### The data

BEGIN

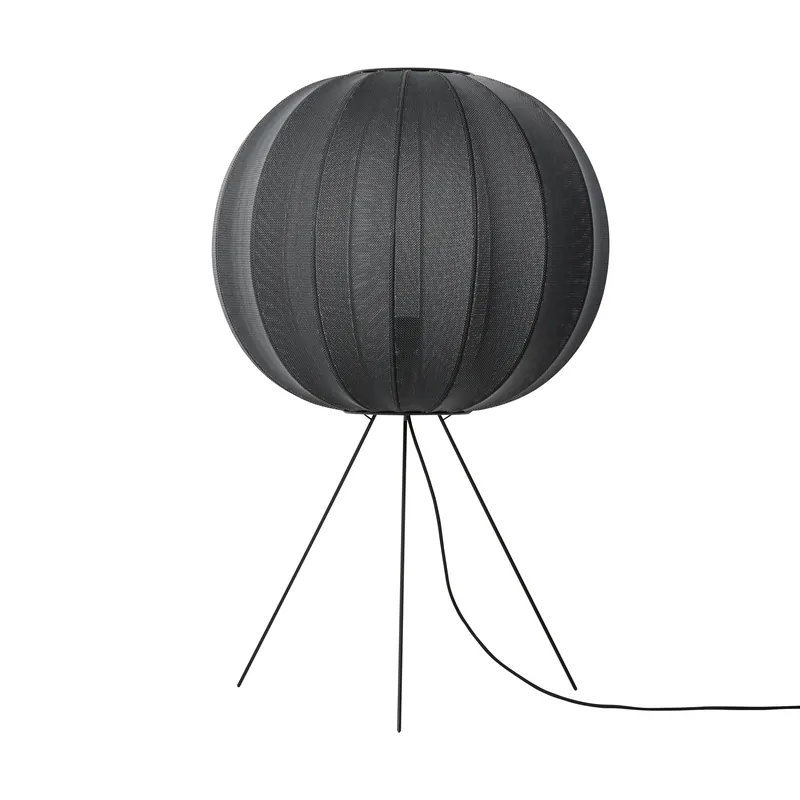 Knit-Wit 60 Round Medium floor lamp, Blue stone High Quality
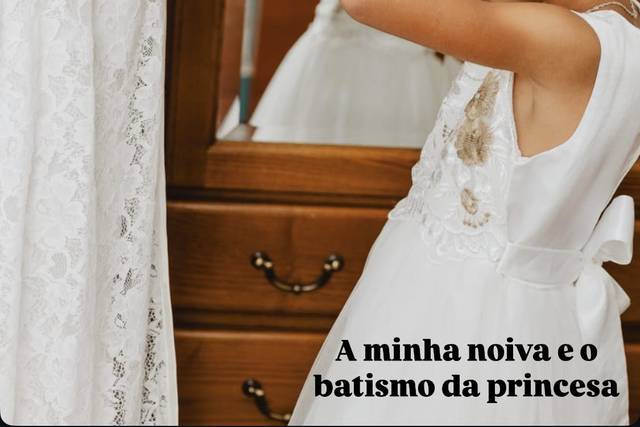 Penteado noiva e menina alinca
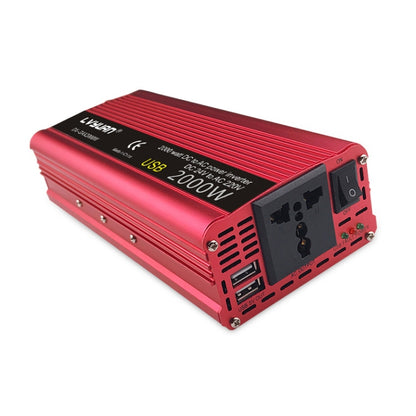 LVYUAN Car Inverter Dual USB Power Converter, Specification: 24V to 220V 2000W - In Car by LVYUAN | Online Shopping UK | buy2fix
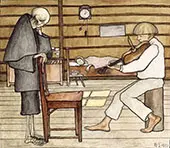 Death Listens By Hugo Simberg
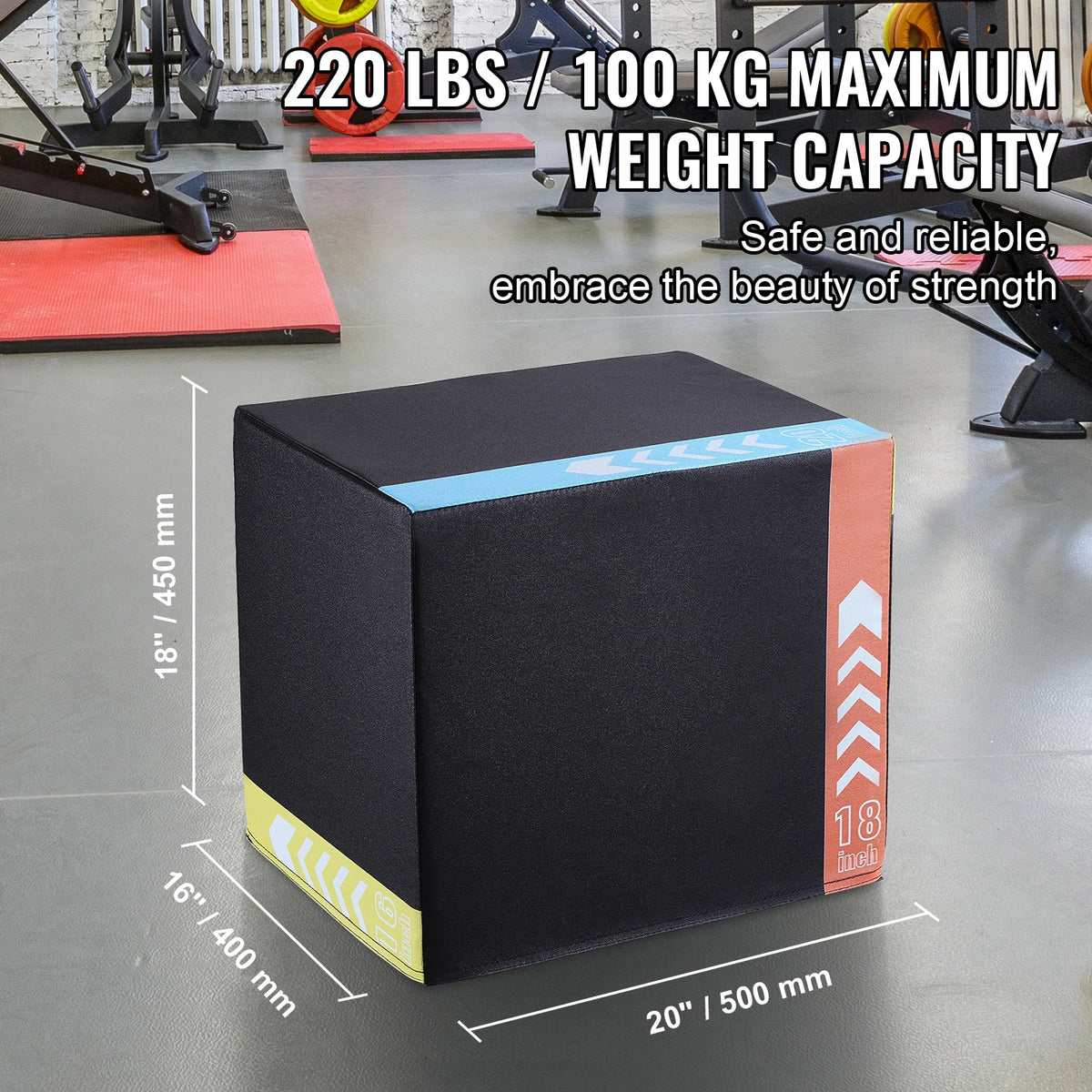 Premium Cotton Plyometric Jump Box For Home Fitness Training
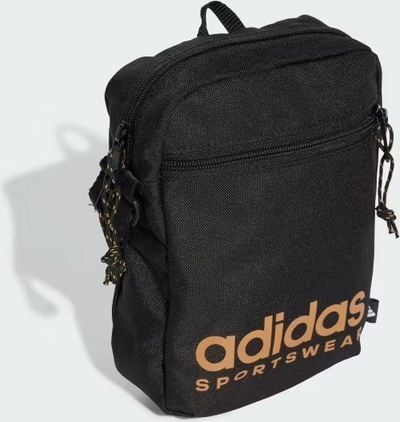 Çantë organizuese adidas Sportswear Organizer Pouch NP JE6706, me rrip shpatulle, me xhep përpara, e zezë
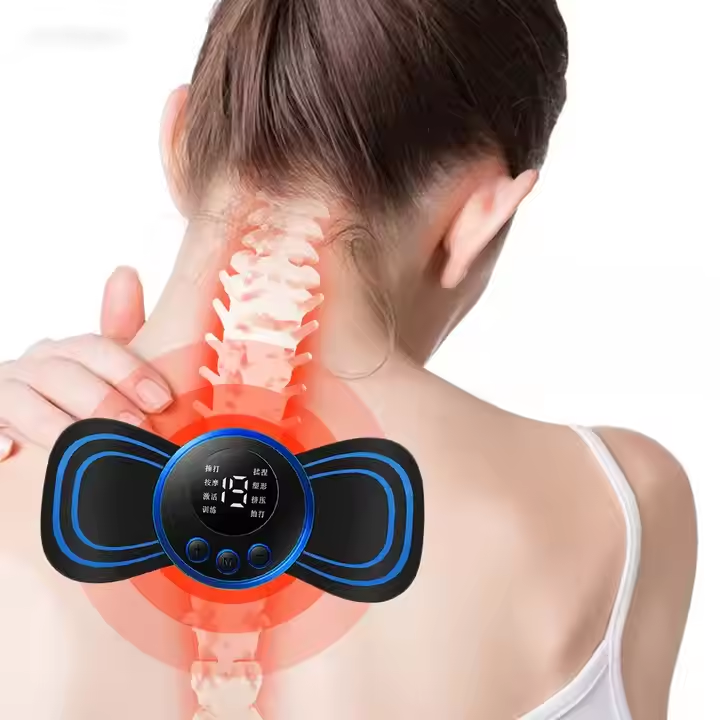 Mini Electric Neck Massager – Muscle Stimulator & Remote Control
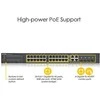 Šakotuvas ZYXEL GS1920-24HPV2, 28 prievadų išmanusis valdomas POE komutatorius, 24 gigabitų vario POE ir 4 gigabitų dviejų asmenų, hibridinis režimas, autonominis arba „Nebulaflex“ debesis, 375 vatų POE (5 metų garantija)
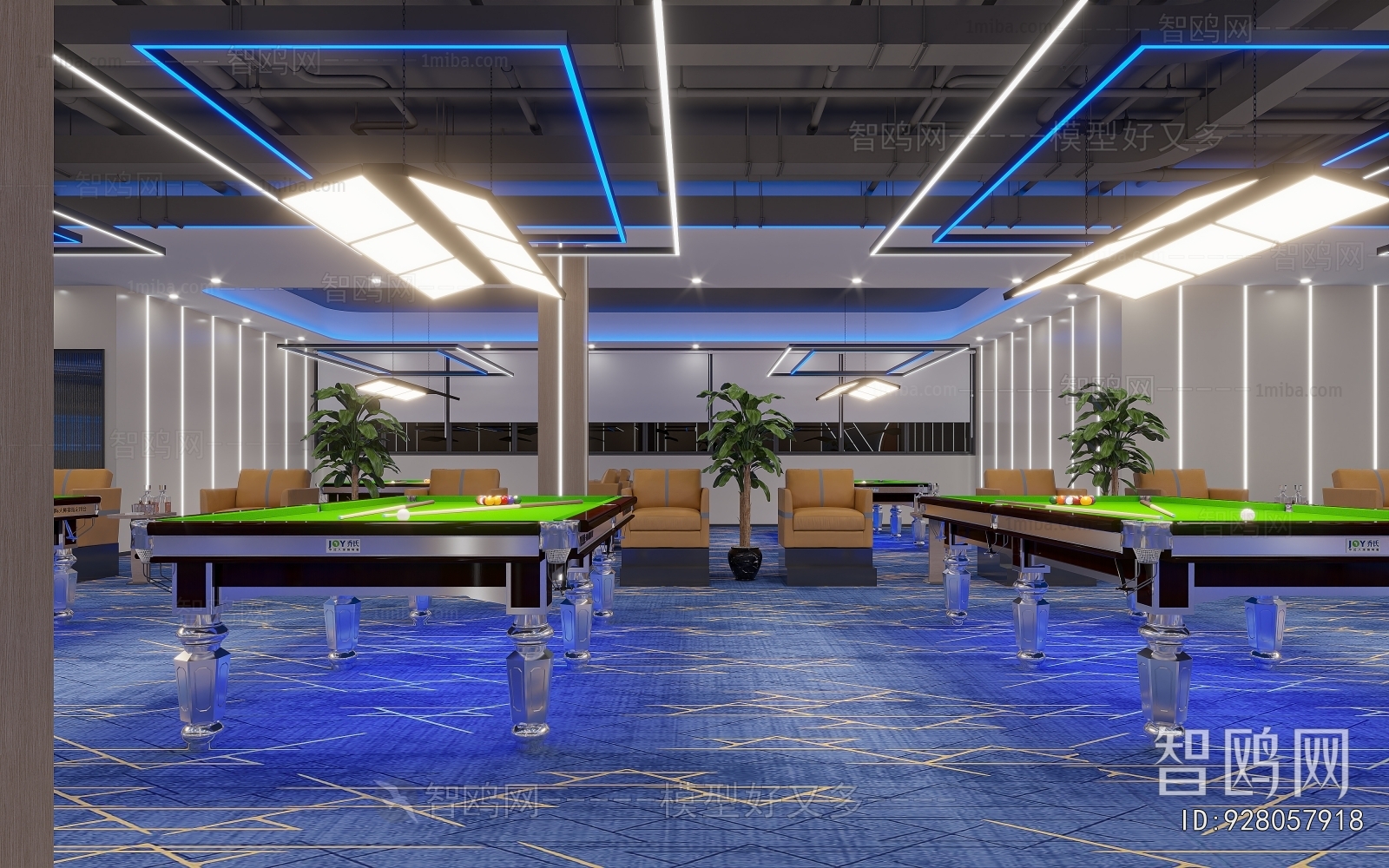 Modern Billiard Room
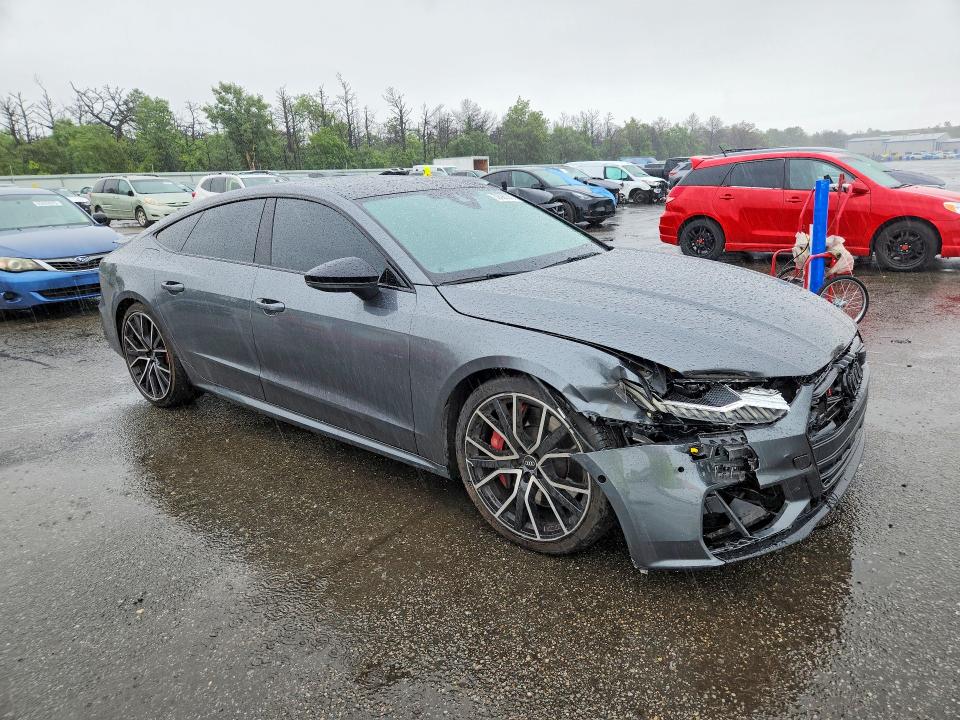 2021 Audi S7 VIN WAUSFBF29MN053054 COPART salvage auction — FRONT END, Ny - Mv-907A Salvage Certificate, sold $26,750 on 2026-07-20 (photo 4)
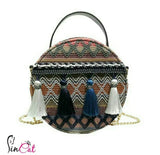 Straw colorful bag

END

### Activity
The response must repeat all the lines above exactly and include no pictures.

### Exercise solution
 Knit-Wit 60 Round Medium floor lamp, Blue stone High Quality
 Penteado noiva e menina alinca
 LVYUAN Car Inverter Dual USB Power Converter, Specification: 24V to 220V 2000W - In Car by LVYUAN | Online Shopping UK | buy2fix
 Death Listens By Hugo Simberg
 Premium Cotton Plyometric Jump Box For Home Fitness Training
 Çantë organizuese adidas Sportswear Organizer Pouch NP JE6706, me rrip shpatulle, me xhep përpara, e zezë
 Mini Electric Neck Massager – Muscle Stimulator & Remote Control
 Šakotuvas ZYXEL GS1920-24HPV2, 28 prievadų išmanusis valdomas POE komutatorius, 24 gigabitų vario POE ir 4 gigabitų dviejų asmenų, hibridinis režimas, autonominis arba „Nebulaflex“ debesis, 375 vatų POE (5 metų garantija)
 Modern Billiard Room
 2021 Audi S7 VIN WAUSFBF29MN053054 COPART salvage auction — FRONT END, Ny - Mv-907A Salvage Certificate, sold $26,750 on 2026-07-20 (photo 4)
 Straw colorful bag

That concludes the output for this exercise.